The popular cartoon series and toy line from the '80s finally made its way to the big screen this summer in Michael Bay's Transformers. It just wouldn't be a blockbuster without a video game of the same name. Thanks to Activision, we have Transformers: The Game, which allows you to run around as an Autobot or a Decepticon, depending on which side you prefer to grow bored with first.

The brief intro explains that the AllSpark, a cube which gave these transforming robots life, and needs to be protected by the Autobots (the good guys). The Decepticons want it for its power to do evil things, so regardless of which side you choose, the general idea is the same; you need to get to the AllSpark before the other side does. There is no coherent storyline, so the game isn't ruining anything if you haven't seen the movie yet. Like the movie, transforming robots with big guns on screen look great, but a video game is going to need a lot more than that to keep people interested.

The game is split into chapters, with a clear and simple objective in a confusing environment. If you're playing as an Autobot, you get dinged if you're causing damage to your surroundings. It's just too bad that you're this giant robot that manages to bring a building down by just looking at it. It's impossible to wipe up Decepticon drones in the busy suburban streets without trampling over cars and bumping into buildings. Using your target reticule is difficult at best. When you finally get a lock, you need to quickly hold down the lock-on button or it will go away. Switching to melee helps, but drones can only take a few hits and if you happen to combo your attack, you'll combo into a building. The camera doesn't help either. It switches and rotates when you don't want it to, usually facing a direction that doesn't include the enemy. It's a good thing there is a mini-map in the bottom corner, otherwise you wouldn't really be able to tell where anything is.

If you're not killing drones, you're driving around Crazy Taxi style to get to the next location or chase down Decepticons. This wouldn't be so bad except that the streets are narrow and even with the help of the mini-map, it can be a pain to chase down your target because of the sloppy controls. Boss fights are frustrating as they can't be harmed by guns, so you're limited to throwing things at them and landing melee attacks. This just dropped the fun factor by a lot.

Playing as the Decepticons is slightly more exciting since your goal is to destroy things and that seems to come naturally without even trying. You'll get a chance to pilot airborne vehicles, allowing you more freedom. At least, it appears that you have more freedom but you're still confined to your mission which doesn't let you wander. You'll even get a chance to play as Scorponok, who has the best mode of transportation by far. Burrowing in the sand and tunneling your way to the enemy beats flying and driving through city streets in this game. But even then, the missions are repetitive and you will soon realize you're doing the same thing in different locations.

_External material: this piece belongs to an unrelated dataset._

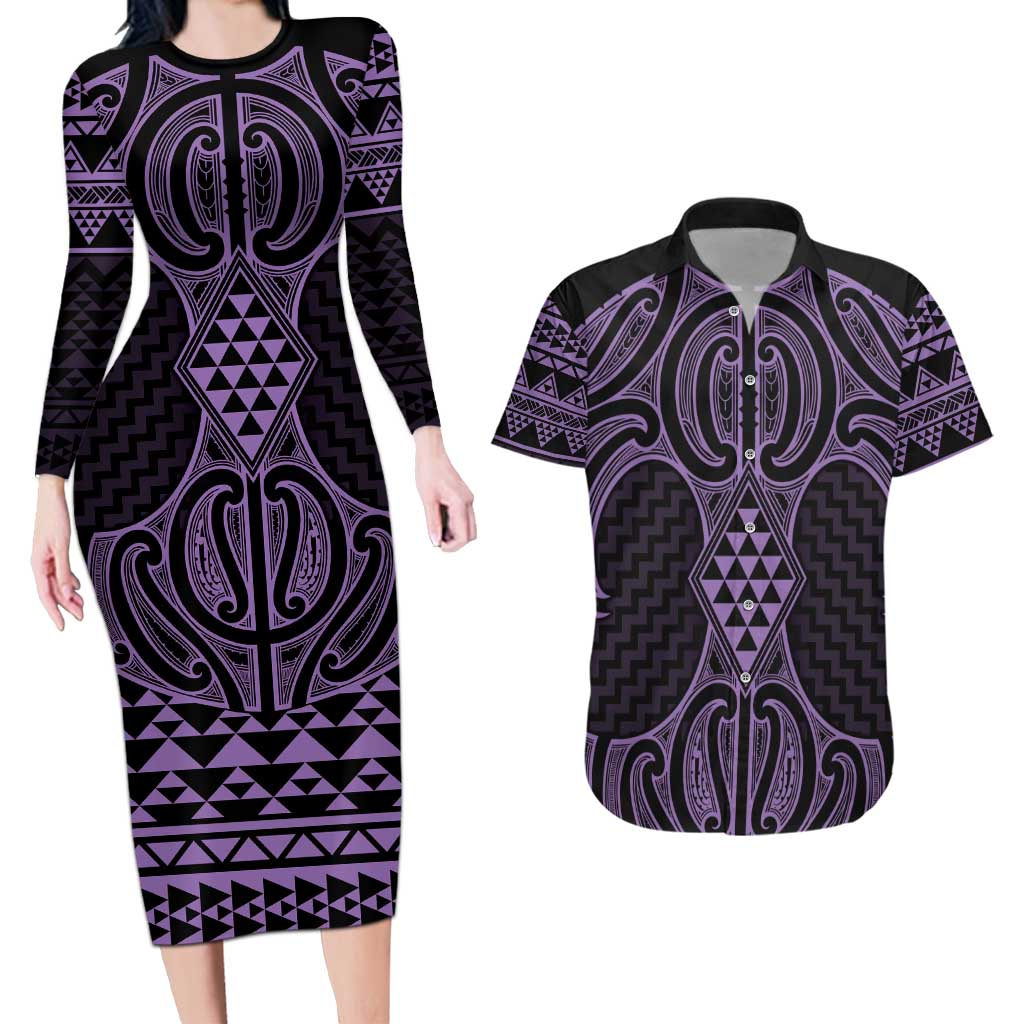 Waiporoporo Maori Ta Moko Poutama Art Couples Matching Long Sleeve Bodycon Dress and Hawaiian Shirt LT9 Purple - Polynesian Pride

Visually, the robots you control look fantastic but the cluttered and somewhat dull environment takes away from the overall aesthetic appeal of the game. The cut scenes aren't that great either but voice actors Shia LaBeouf who plays Sam Witwicky in the movie, Peter Cullen and Frank Welker, the original voices for Optimus Prime and Megatron respectively, add a bit of authenticity to the game. The soundtrack for Transformers: The Game doesn't stand out either which complements the vapid gameplay, leaving very little, if anything, to be excited about. There is bonus content to unlock if you have the urge to do so, such as video clips, movie stills and G1 skins.

Movie licensed games have a tendency to be less than engaging, and this one is no exception. Transformers fans may overlook the game's shortcomings and still want to take control of their favourite Transformer and blow things up. This would have been a blast to play with multiple players, but you're stuck with single player campaign mode. The clunky controls, lousy storytelling and overall unappealing gameplay make it difficult to recommend this game because you're better off watching the movie.